1. ## Linear regression

Okay, this chapter is wearing me out. I am not getting anything of all this. Let's start from a basic thing.

It says "compute SSr and SSE and (s_e)^2 and the coefficient of determination, given the following statisics computed form a random sample of pairs od X and Y observations (let's take just one)

Sum from i=1 to n of (y_i - y)^2 = 100,000
r^2 = 0.50
n= 52

No clue no clue..

Is there anybody who can explain me the simple regression. I cannot see the point of all this. Please. Thank you.

2. Originally Posted by 0123
Okay, this chapter is wearing me out. I am not getting anything of all this. Let's start from a basic thing.

It says "compute SSr and SSE and (s_e)^2 and the coefficient of determination, given the following statisics computed form a random sample of pairs od X and Y observations (let's take just one)

Sum from i=1 to n of (y_i - y)^2 = 100,000
r^2 = 0.50
n= 52

No clue no clue..

Is there anybody who can explain me the simple regression. I cannot see the point of all this. Please. Thank you.
I can't follow the notation here. You might want to look at some other
reference on simple linear regression if you find text book difficult to follow.

Look here.

RonL

3. Okay thing are getting a very little clearer.

Let us take again that excercice:
"compute SSr and SSE and (s_e)^2 and the coefficient of determination, given the following statisics computed form a random sample of pairs od X and Y observations (let's take just one)

Sum from i=1 to n of (y_i - y)^2 = 100,000
r^2 = 0.50
n= 52

Okay.
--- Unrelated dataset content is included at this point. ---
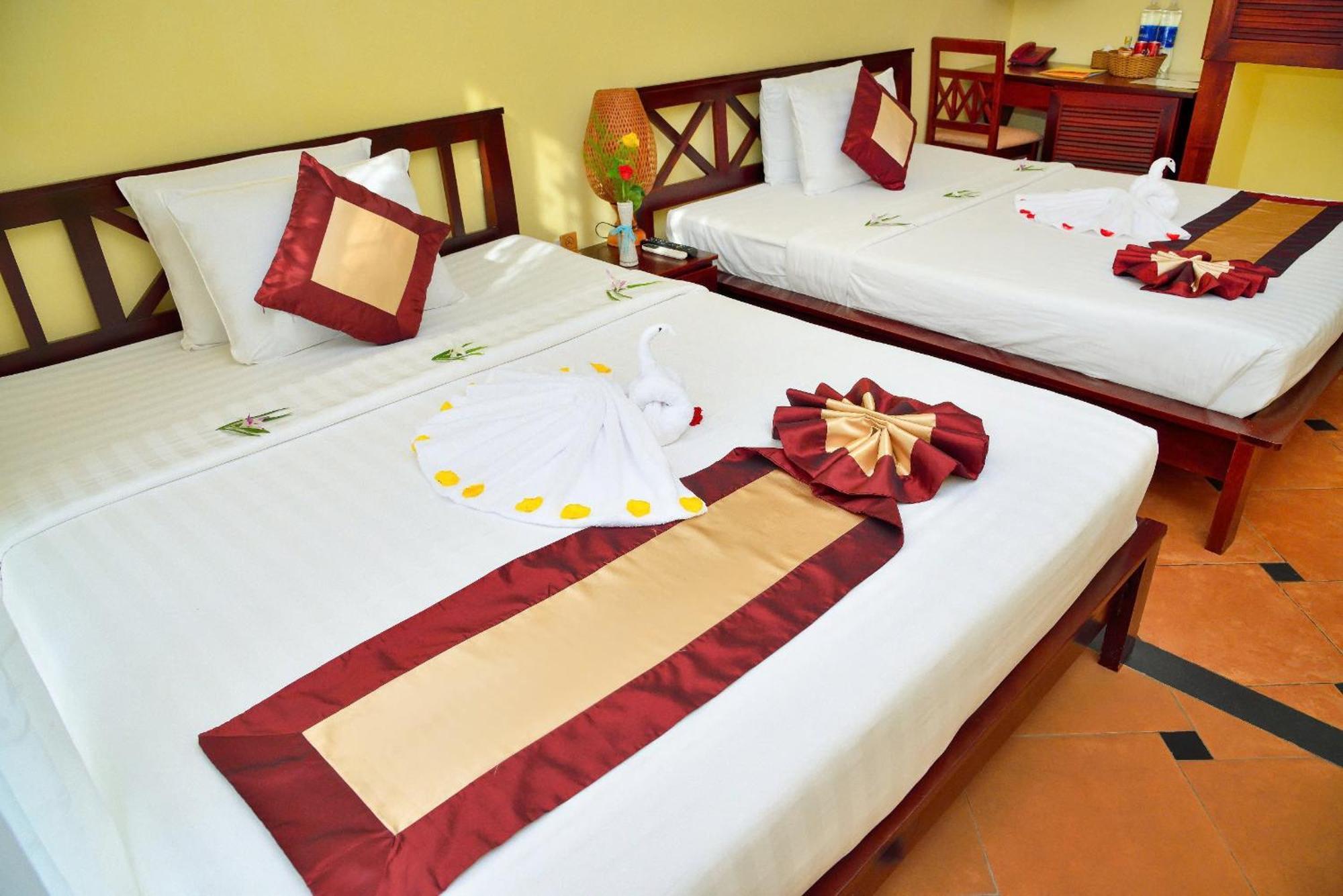 Thai Hoa Resort 3*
So. I understood more or less what it is asking. SSR sum square regression; SSE sum square errors. (S_e)^2 is = SSE/(n-2) the variance.

Okay. (S_e)^2 I get with that formula. So I need to know SSE. SSE I get through this formula SSE= Sum of [y_i - (b_o + b_1*x_i) ]^2.
And SSR= (b_1)^2* Sum of (x_i - x_bar)^2 (by definition)
Okay SSR I can know subtracting SSE from 100,000.

But this means I need to know b_1. But b_1= r*s_y/s_x ( b_1 is the slope coefficient estimator)

R I have it. But s_y and s_x (the standard deviations) I don't. The text doe not give them. So how do I get them?